Yesterday, Facebook lifted a ban on videos that depicted people getting beheaded. One specific video was that of a woman being gruesomely beheaded in Mexico by a man wearing a hood. Facebook implemented a ban of beheadings in May. However, the woman being beheaded reappeared yesterday after the company decided to – quite foolishly – get rid of the policy that did not allow for such dehumanizing acts to be posted online.

This raises an extremely serious question: why would Facebook make such a poor and unethical decision to lift this ban? After all, beheading is not just gruesome, but is one of the most dehumanizing ways to be murdered. I see it that way, because the murderer is taking the person’s head – the place where, as we all know, we think and we feel – and viciously ripping it from the body. This is the work of barbaric human beings – thus, there is no justification in allowing such content to be uploaded to the social media site. In some cases, religious or spiritual people believe the head is the location of the soul. Regardless of that, i.e., the religious and spiritual beliefs surrounding the head, we all recognize it is an epistemologically sacrosanct part of the body.

It comes at an especially odd moment for the company, too. Just last week they changed their policy for younger users, something I wrote about here. It had been policy that if you were under the age of 18, you could not post things publicly. Instead, Facebook users between the ages of 13 and 17 could only share things with friends, friends of friends, and customized groups (these groups were oftentimes labeled as ‘family’). But, as already mentioned, that all changed on October 16th. And less than a week later, the company lifts a ban on videos that depict people getting beheaded?
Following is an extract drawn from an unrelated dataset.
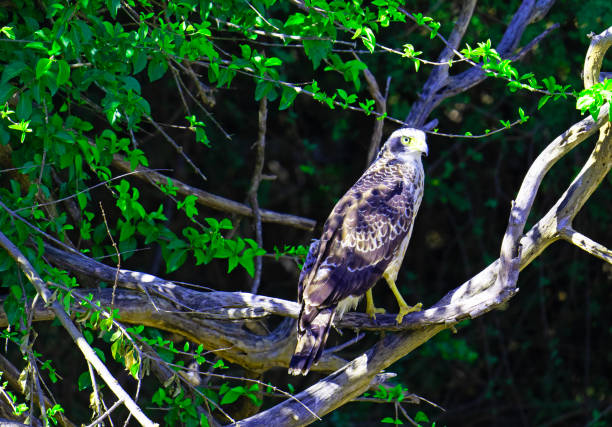 istock Juvenile Crested Serpent Eagle, on alert, in Yala, Sri Lanka.. 2172582121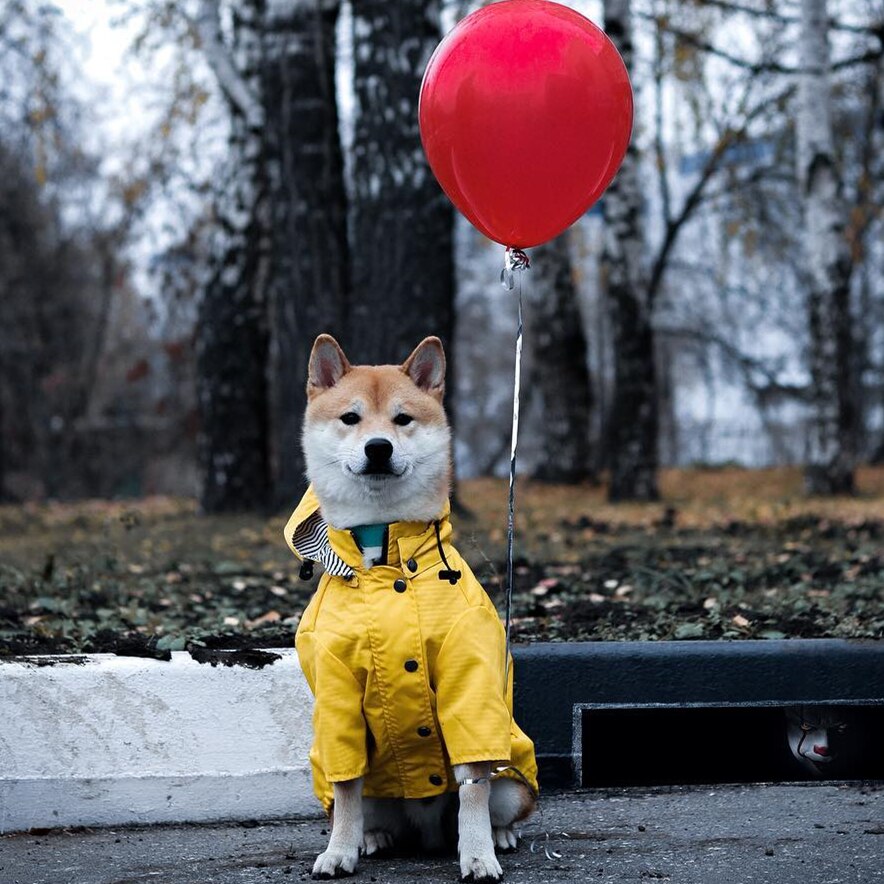 Waterproof Pet Raincoat Clothing Set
Even more disturbing, citing the BBC, reporter Adam Withnall wrote, “The ban had followed reports that young people could suffer long term psychological damage if they are exposed to extreme images at an early stage in their lives.”

Prime Minister David Cameron blasted the company for lifting the ban. He was not alone. Social media platforms lit up with angry remarks and outrage. In a word, Facebook was condemned from all corners of the web, and rightly so.

The company responded almost immediately. As Al-Jazeera reported today, the company reversed its policy and has actually decided to strengthen bans on graphic images.